Justification for this decision was given in [GDR 2000-10-04] and is repeated here:
There are three solutions to the problem of getting started with replication (that is, deciding which cases to replicate, and which Perforce server to replicate them to, when there are multiple Perforce servers):
The replicator identifier and Perforce server fields in the case is editable by the TeamTrack user, who picks the appropriate Perforce server at some point.
TeamTrack picks a replicator and Perforce server at some point, by applying a policy function configured by the administrator of the integration.

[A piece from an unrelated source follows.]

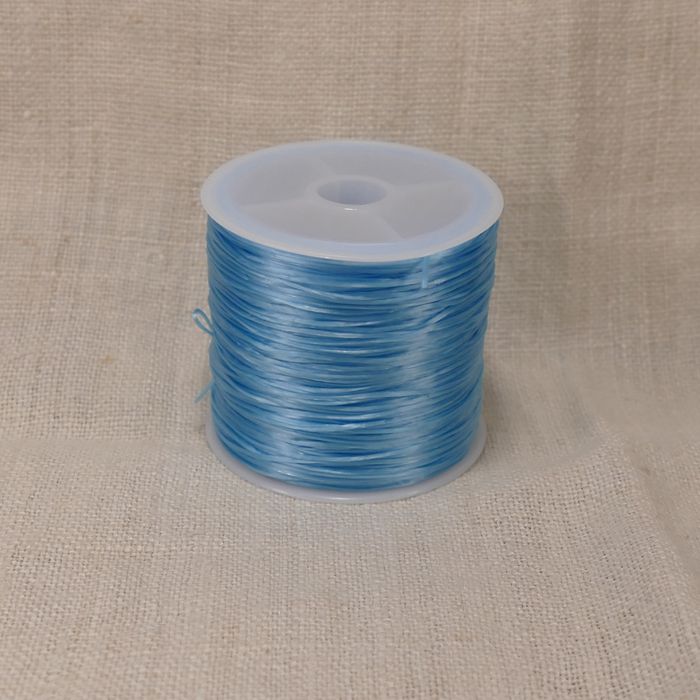 Спандекс плоского сечения, голубой, 0.7 мм (1 метр)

Each replicator identifies cases that are not yet set up for replication and decides whether it should replicate them, by applying a policy function configured by the administrator of the integration.
Solution 1 is the least appropriate. The TeamTrack user may not have the knowledge to make the correct choice. The point of the integration is to make things easier for users, and selection of Perforce server should be automated if possible. By exposing the Perforce server field to the user, we run into other difficulties: should the field be editable? What if the user makes a mistake? Best to avoid these complexities.
2 and 3 are similar solutions, but 3 keeps the integration configuration in one place (in the replicator) where it is easier to manage than if it is split between the replicator and TeamTrack. It is also the solution that depends least on support from the defect tracking vendor.
The administrator of the integration needs to be able to resolve conflicts. The replicator needs to record information about what to do when jobs and issues are conflicting.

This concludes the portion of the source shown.